Why You Shouldn’t Write Like Tolkien (Unless You Are Tolkien) - Part V
The Morality Of Middle-Earth: Part 2
Blauw Films
A Christian Tale: Aslan and Allegory
The hushed chapel was filled with the faint scent of incense and the glow of candles flickering against the stone walls. A boy sat on a pew, his hands crossed on his lap, and his head bowed. Even though he understood the Latin sermon spoken from the pulpit by Father Morgan, he allowed the music of the language to wash over him. His faith in God lay in just that... in the word ‘faith’. Fides in Latin. Fidelity. Trust. Faith. If he was to understand, to truly understand, the mysteries of God’s will, then there would be no reason to have faith in the first place. It was in the unspoken, unknown, unknowable mystery that he found peace.

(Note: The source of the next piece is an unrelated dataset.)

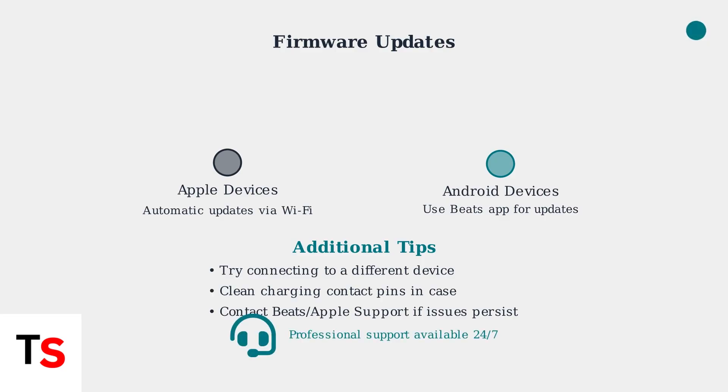Remember, these advanced troubleshooting steps resolve most connectivity issues. Professional support is always available if you need additional help.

He pulled the kneeler from the hook in front of him and lay it on the stone floor. He slowly lowered himself to his knees and rested his elbows softly on the pew in front. He clasped his hands and closed his eyes and, bathing in the slow, steady, rhythm of Father Morgan’s voice, he allowed himself to sink deeper, deeper still, into the depths above.
*
“I dislike allegory, whenever I smell it.”
Tolkien’s distaste for allegory was not a passing irritation. It was one of his most frequently repeated literary principles. In the foreword to The Lord of the Rings, he fervently declared:
“I cordially dislike allegory in all its manifestations, and always have done since I grew old and wary enough to detect its presence. I much prefer history, true or feigned, with its varied applicability to the thought and experience of readers.” (p.253)
Tolkien himself rejected the idea that the moments that smelt like allegory were “allegory” for Christian doctrine. He instead preferred the idea of applicability. As Tom Shippey notes, the distinction is crucial: allegory is prescriptive, demanding the reader decode symbols and meaning in a fixed way; applicability is permissive, allowing the reader to draw their own moral or spiritual resonances from the work.
His faith however would be present in another way, not as an explicit sermon, but in the deep moral grammar of the world he created. Like his faith in God the meaning in his work lay in the mysterious depths and not on the surface, like in his contemporary and friend, C.S. Lewis’s, The Chronicles of Narnia.

Yet even though Tolkien wished readers to draw their own meaning from his work, that is not to say he did not consciously include religious ideas: Tolkien told a correspondent in 1953:
“The Lord of the Rings is of course a fundamentally religious and Catholic work; unconsciously at first, but consciously in the revision.”
Shippey points to one example of this subtle embedding: the Ring’s destruction on March 25, a date loaded with Christian significance. Gandalf tells Sam: “in Gondor the New Year will always now begin upon the twenty-fifth of March when Sauron fell, and when you were brought out of the fire to the King." This is ‘also the date of the Fall of Adam and Eve, the felix culpa whose disastrous effects the Annunciation and the Crucifixion were to annul or repair.’ (p.208).
Unlike his friend C.S. Lewis, Tolkien would never place an overtly Christ-like-figure at the centre of his story. Yet although there is no exact Christ figure in The Lord of the Rings, Frodo comes closest. Shippey cautions, however: “It would be quite wrong to suggest that he is a Christ-figure, an allegory of Christ… Yet he represents something related: perhaps, an image of natural humanity trying to do its best in native decency, trying to find its way from inertia (the Shire) past mere furious heroic dauntlessness (Boromir and the rest) to some limited success.” (p.187). Although it is not a direct allegory its seems to me that Frodo’s journey seems to reflect (albeit in a smudged and tarnished mirror), the struggle of Christ, or perhaps the struggle of man. Whatever you take away from it, it is clear that there are Christian undertones buried deeply in Tolkien’s work.
These undertones were shaped in part by his friendship, and disagreements, with C.S. Lewis. Wyatt North notes that “Tolkien and Lewis were actually quite suspicious and wary of one another… but before long their mutual interest in writing, mythology, and religion drew them together.” (p.55) Their theological imaginations diverged sharply in method. Lewis, in The Chronicles of Narnia, presented Aslan as an unmistakable Christ figure. Tolkien found such directness heavy-handed: “Allegory… is coercive, forcing the reader to see things in a certain way.” (p.82) In his view, myth, not allegory, was the more subtle and powerful vehicle for truth.
So what is this truth? This truth that is a fundamental part of Catholicism and so utterly shaped Tolkien’s worldview?
At the heart of his fiction lies a theme central to Catholic thought: death and mortality. As Tolkien himself put it, “Stories – frankly, human stories are always about one thing – death. The inevitability of death.”